Fri, Jun 25, 2004 - Page 8 News List

Terrorism? PRC need only look in the mirror

By Mac William Bishop

The US, in its "global war on terror," has apparently overlooked one of the hubs of international terrorism: Taiwan.

At least, so says China's state media.

Last week, various Chinese Communist Party mouthpieces published editorials attacking the "independence terrorists" in Taiwan.

These pieces were written in response to a single line in the US Department of Defense's Fiscal Year 2004 Report to Congress on the People's Republic of China's Military Power.

In the Pentagon's analysis of Taiwan's military capabilities, it noted that, "Since Taipei cannot match Beijing's ability to field offensive systems, proponents of strikes against the mainland apparently hope that merely presenting credible threats to China's urban population or high-value targets, such as the Three Gorges Dam, will deter Chinese military coercion."

The Pentagon was clearly not suggesting that Taiwan attack the Three Gorges Dam. It was simply reporting that some people, who might accurately be described as "China hawks," were advocating such actions to prevent an invasion of Taiwan.

It is absurd to claim that the Pentagon was advocating a first strike against China -- but absurdity did not prevent dozens of commentators from saying that it had.

The ensuing debate on the feasibility of a Taiwan attack on the Three Gorges Dam quickly entered the realm of nonsense. On June 16, People's Liberation Army (PLA) Lieutenant General Liu Yuan (劉源) wrote in the China Youth Daily that the PLA would be on the lookout for "Taiwan independence terrorists."

He then promised to "blot out the sky and cover up the earth" if Taiwan ever attacked the dam. In any case, he noted, the dam "cannot be destroyed."

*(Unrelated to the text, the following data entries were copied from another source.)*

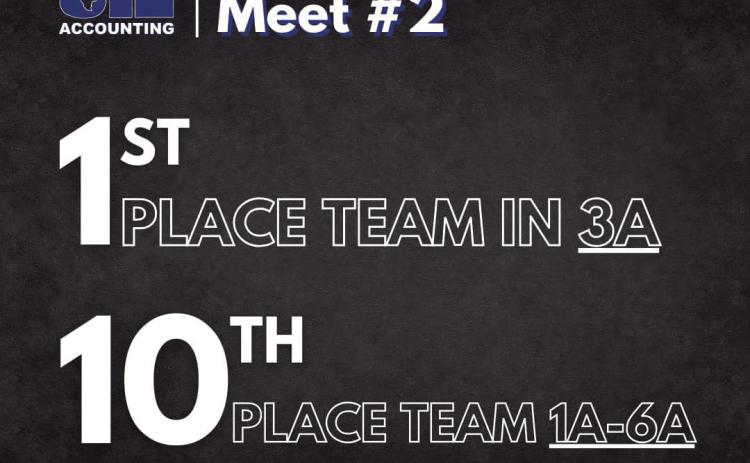 The Childress High School Accounting team recently competed in the UIL Virtual Challenge Meet #2, sealing a first-place team finish in Class 3A and a 10th-place team finish in Classes 1A-6A. Courtesy Graphic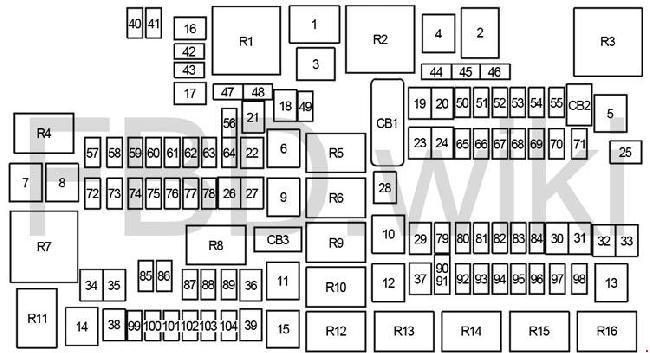 Jeep Grand Cherokee WK2 2014 2019 Fuse Box Diagram - Ram 2014 Electric Seat Wireing Diagram Diagram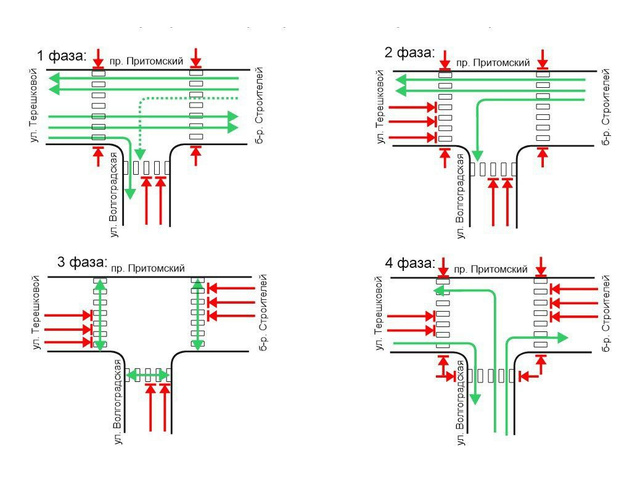 Схема движения на перекрестке
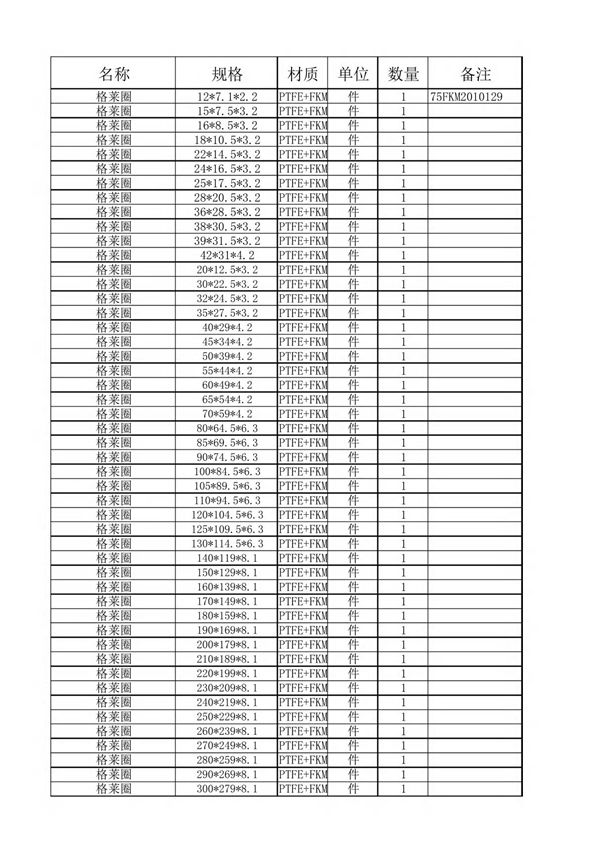 格莱圈 斯特封规格及区别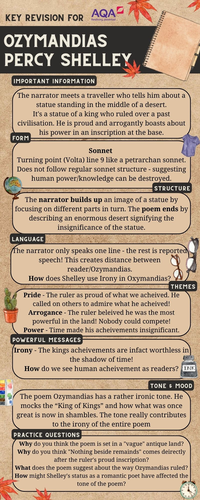 Ozymandias - Revision Infographic AQA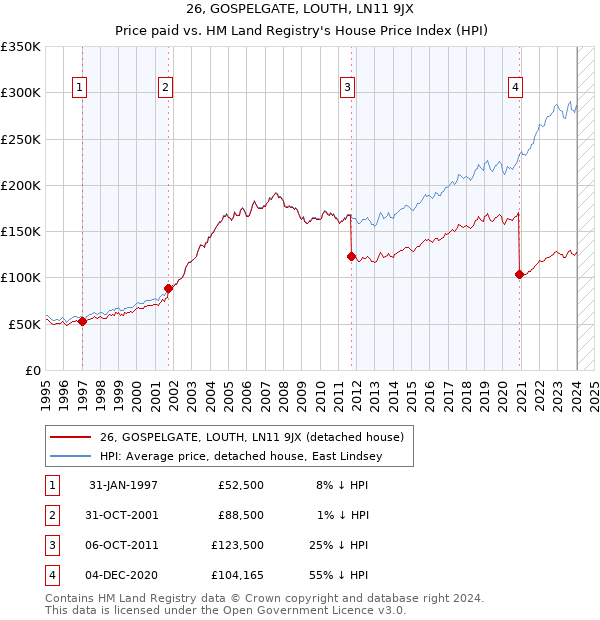 26, GOSPELGATE, LOUTH, LN11 9JX: Price paid vs HM Land Registry's House Price Index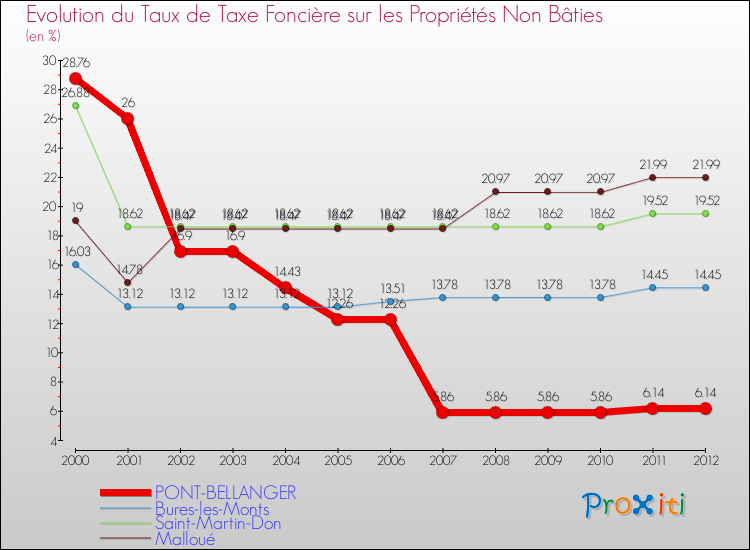 Evolution du taux de la taxe foncière sur les immeubles et terrains non batis pour PONT-BELLANGER et les communes proches de 2000 à 2012 Comparaison des taux de la taxe foncière sur les immeubles et terrains non batis pour PONT-BELLANGER et les communes voisines de 2000 à 2012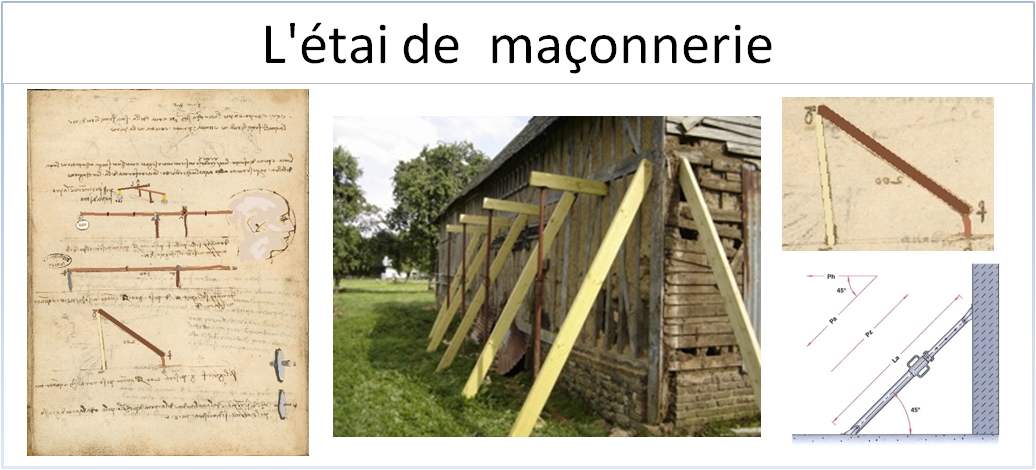 L'étai de maçonnerie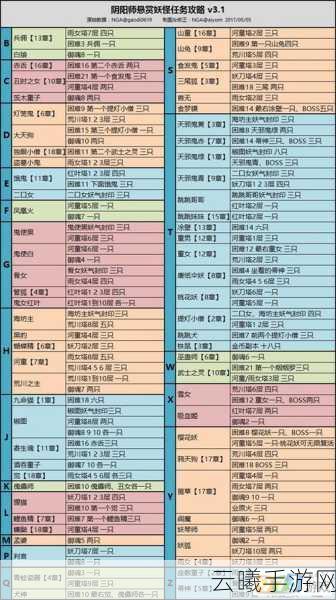阴阳师悬赏妖怪最全攻略,揭秘热门妖怪活跃区域与特色玩法深度解析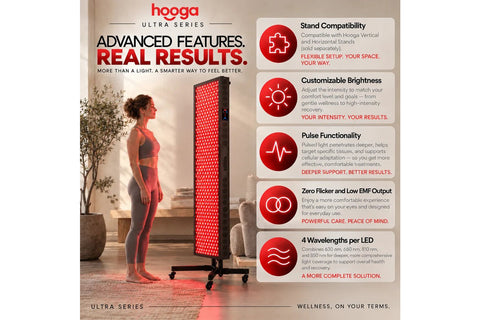Hooga ULTRA4500 Full Body Red Light Therapy Panel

Next, the China Daily joined the chorus of raucous voices on June 18. The paper ran an opinion piece by "a Beijing-based military expert" entitled "Terrorism part of Taiwan separatist agenda."

In this piece, the author said the Pentagon's report indicated that "pro-independence forces in Taiwan are turning to terrorist measures to help pursue their political goals."

If these polemics weren't so disturbing, they'd be laughable.

After all, no mainstream political party or figure in Taiwan has advocated terror tactics against China.

But several PLA officers and Chinese military experts have advocated terror tactics -- as part of Beijing's strategy to forcefully unify with Taiwan.

For example, in the book Unrestricted Warfare, two PLA senior colonels, Qiao Liang (喬良) and Wang Xiangsui (王湘穗), championed the adoption and employment of various types of asymmetric and non-traditional warfare -- including terror attacks and the use of nuclear weapons -- to compensate for the intrinsic weaknesses of the PLA.

Notably, Qiao claimed in an interview that "the first rule of unrestricted warfare is that there are no rules, nothing forbidden."

Since Beijing finds the threat of terror and first-strike tactics so distasteful, it should ban its own use of such tactics. It could start by dismantling the short- and medium-range ballistic missiles it has aimed at Taiwan.

After all, these weapons have been deployed with the sole purpose of being used in a saturation attack, which would result in thousands of civilian casualties.

There are any number of definitions of terrorism, but China shouldn't be misled into thinking that the international community -- whatever that may be -- is likely to accept China's claim that it is being targeted by "Taiwan independence terrorists" at face value.